Hoy en día, en una España democrática, lejos ya del siglo XVIII, seguimos teniendo algo así como un despotismo ¿ilustrado? Pues a pesar de que el político repite sin cesar que cuenta con el pueblo, podemos ver que, exceptuando el periodo de campaña electoral y el día de las elecciones, lo ignora casi por completo. El pueblo vota una vez cada cuatro años, legitima al político en su cargo, y deja de contar en la vida política hasta nuevas elecciones. Es el que ostenta el cargo público el encargado de decidir lo que conviene o no a la ciudadanía. No hay ni una sola consulta más, ni un solo atisbo de acercamiento al pueblo. El gobierno ya no es del pueblo, sino del político, y así nos lo hacen saber cuando encarta. Recordemos, por ejemplo, las palabras de nuestro primer edil en el último pleno reconociendo que, como el PA había ganado las elecciones, “el alcalde está legitimado para tomar decisiones respecto al futuro de la ciudad”. Si el pueblo me vota –parece ser que piensa el político-, yo estoy legitimado para hacer mi santa voluntad. Pero la santa voluntad del gobernante tiene dos límites importantes: la legalidad y la moralidad. El gobernante no puede sobrepasar lo legal y debe respetar lo moral. Un político inmoral que sobrepasa la cordura de lo sensato, por mucho que sus actos se acojan a la legalidad, no será un político digno del pueblo.

Todo no vale. Los actos y las decisiones de nuestros representantes tienen que respetar la dignidad de las personas y las de ellos mismos. Deben ser coherentes con sus compromisos públicos, y sus acciones deben ser razonables, en tanto que fundadas en razones pertinentes para cumplir con esos compromisos. Es su obligación el dar cuentas al pueblo de todas las decisiones que afectan a éste, y que han de venir legitimadas, no por el simple hecho de que él sea el que tiene el poder de decidir, ni siquiera por el hecho de que esa decisión haya sido alcanzada por consenso o mayoría, sino porque son las más convenientes para el bienestar de ese pueblo.

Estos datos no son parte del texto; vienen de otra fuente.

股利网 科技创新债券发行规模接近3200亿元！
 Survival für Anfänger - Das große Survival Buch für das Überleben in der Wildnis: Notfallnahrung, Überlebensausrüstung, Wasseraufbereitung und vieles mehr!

Se hace algo porque ese algo es lo que se debe hacer, y no por el mero hecho de que se pueda hacer. El político tiene que demostrar su eficacia, a la que está obligado, y tiene que ser responsable de sus errores y reconocerlos públicamente. Ha de contar en todo momento con el sentir del pueblo que lo legitima, trabajar para él y responder ante él.

El Todo para el pueblo pero sin el pueblo pasó a la historia en el siglo XVIII, o así debió ser. Hoy día, un lema más apropiado sería todo para el pueblo, con el pueblo y por el pueblo.